I RECENTLY PURCHASED A 2002 MAXIMA AND WAS WONDERING WITH 138,000 MILES. WHAT ARE SOME THINGS THAT I SHOULD CHECK OR HAVE CHECKED/CHANGED ON THIS CAR. I REALLY DONT HAVE MUCH INFORMATION FROM THE PREVIOUS OWNER HOWEVER THE CAR RUNS GREAT. GENERAL WHEN I BUY CARS I LIKE TO HAVE SOME SORT OF SERVICE RECORD BUT WAS UBABLE WITH THIS PURCHASE. SHOULD I HAVE THE CAR SERVICED WITH THE DEALER OR JUST RIDE UNTIL SOMETHING FAILS. PLEASE HELP. I WANT THE CAR TO LAST FOR A WHILE. ALSO THE CAR HAS AN INJEN COLD AIR INTAKE ON IT. (WHATEVER THAT IS) LOL!!!!


----------



## smj999smj (Jan 1, 2006)

The cold air intake replaces the stock air cleaner assy. from the factory to reduce intake restriction and create more horsepower...allegedly. Stock air cleaner boxes are more than efficient for most drivers. For continued, high RPM driving, the aftermarket intakes and air filters will typically show power gains over the factory stock system. For those aftermarket systems that use oil-coated cloth air filters, oil contamination of the mass air sensor's hotwire can be an issue. Also, many let more dirt into the engine compared to stock filters. 

The 2002-2003 Maximas were the last built in Japan, which is a good thing for you. Their 3.5L VQ's don't appear to have the upper timing chain tensioner problems of their US built variants. Being at the end of that model series, most of the "bugs" had been worked out of it. Other than some issues with brake rotor pulsation, I don't recall any major issues on the 02-03's. 

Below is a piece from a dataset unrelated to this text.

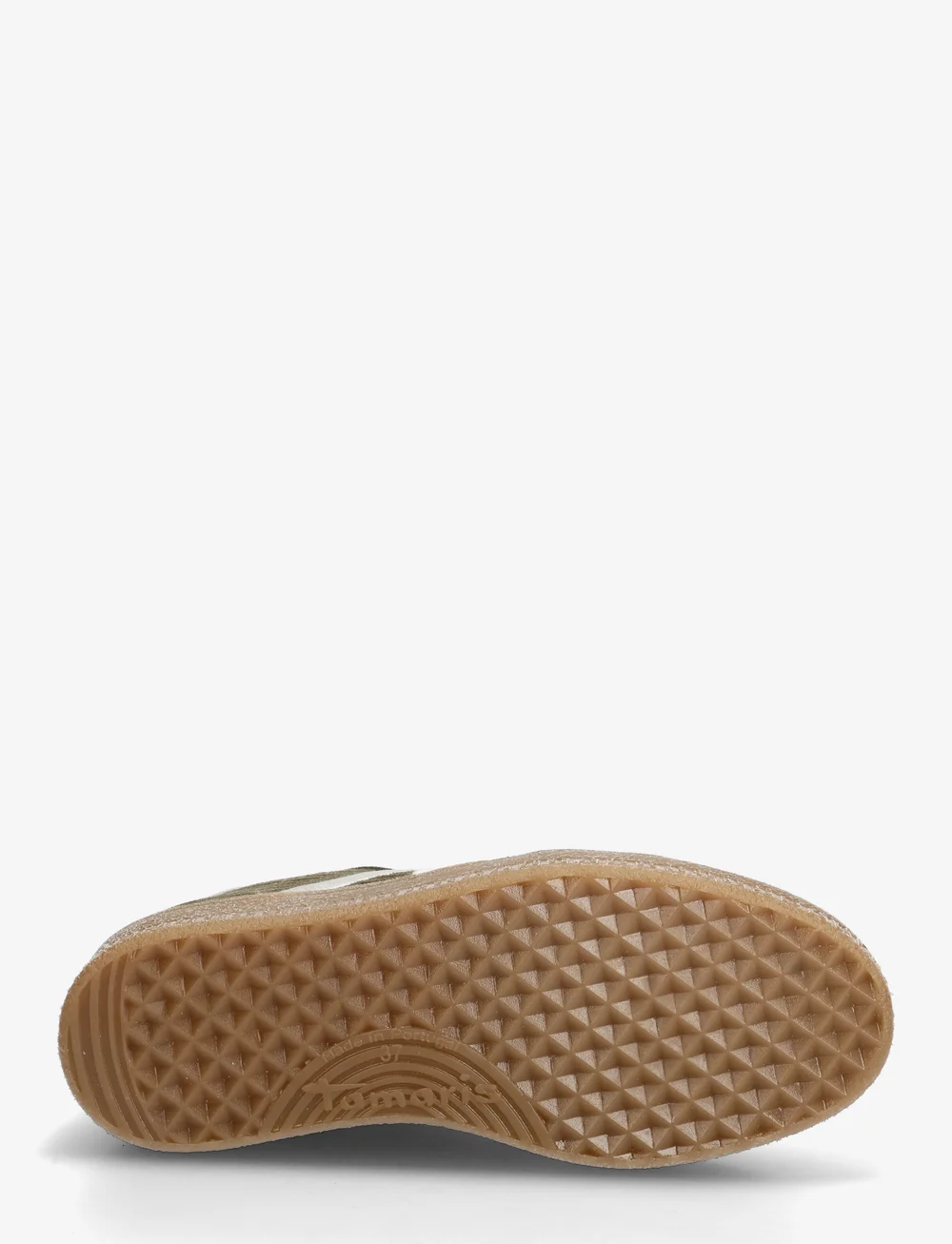 Tamaris - Women Lace-up - niedrige sneakers - olive - 5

Maintenance is routine. Follow the manufacturer's service schedule for your mileage, listed in the owner's manual, and you'll be fine. You may want to have it checked over for any existing problems by a shop you trust being that you just purchased it. Also, you are best to stick with genuine Nissan or OEM parts, such as NGK spark plugs, Bando or Nissan drive belts, etc. If you have an auto trans, stick with Nissan Type "D" ATF or and aftermarket ATF that is specifically Dexron II compatable, like Valvoline's MaxLife ATF. Dexron III/Mercon has a thicker viscosity and tends to cause valve sticking in the valve body. While the VQ35DE will run on regular fuel, I believe premium is recommended and you may experience better performance with it.


----------



## Jeff (Oct 17, 2002)

Really there are no 'major' issues. I can only think of 2 that most complain about.

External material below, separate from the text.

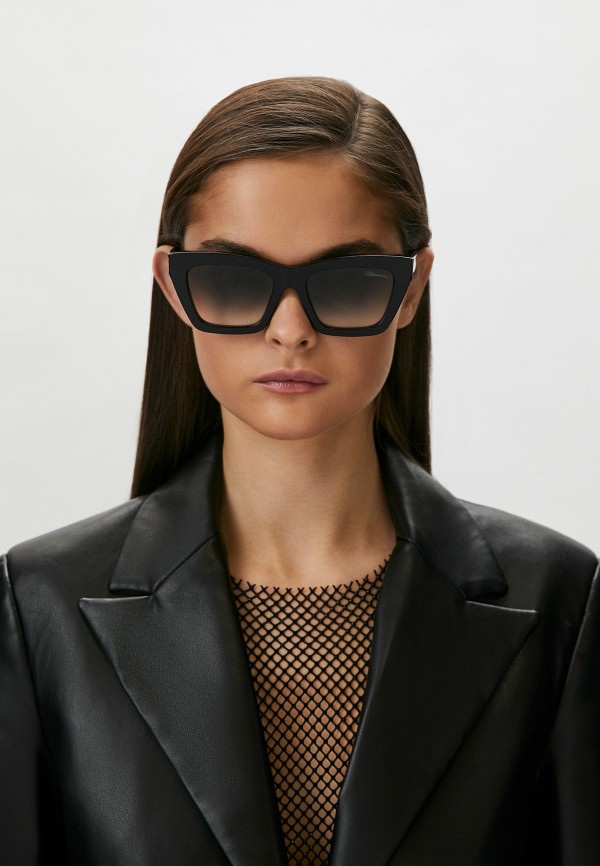Blumarine Очки солнцезащитные - 830V-700 - фото 5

1-Higher than normal oil consumption due to front precats failing and essentially wearing the exhaust rings down...resulting in oil leaking into the exhaust.
**Fixed by replacing precat or by installing headers...

2-Poor spark plug seals in the valve cover on rear side (closest to firewall). Check your #5 coil pack (closest to intake throttle body side). My #5 is drowning in oil.
**Fixed by replacing valve cover. 2004 Maxima (A34) valve covers were engineered better and do a better job of preventing the seal failure again. Not to mention the A34 valve covers are _*half*_ the cost of an A33 valve cover!!


Have fun with it!


----------



## Scottwax (Mar 19, 2011)

The Injen is not a true cold air intake, you'd be better off converting it to a SRI instead. 

Get a code reader, you are about at the mileage when you might start getting pre-cat and secondary O2 SES lights. Much easier to use a code reader than have to run down to AutoZone or pay the dealer or a mechanic every time you get an SES light.


----------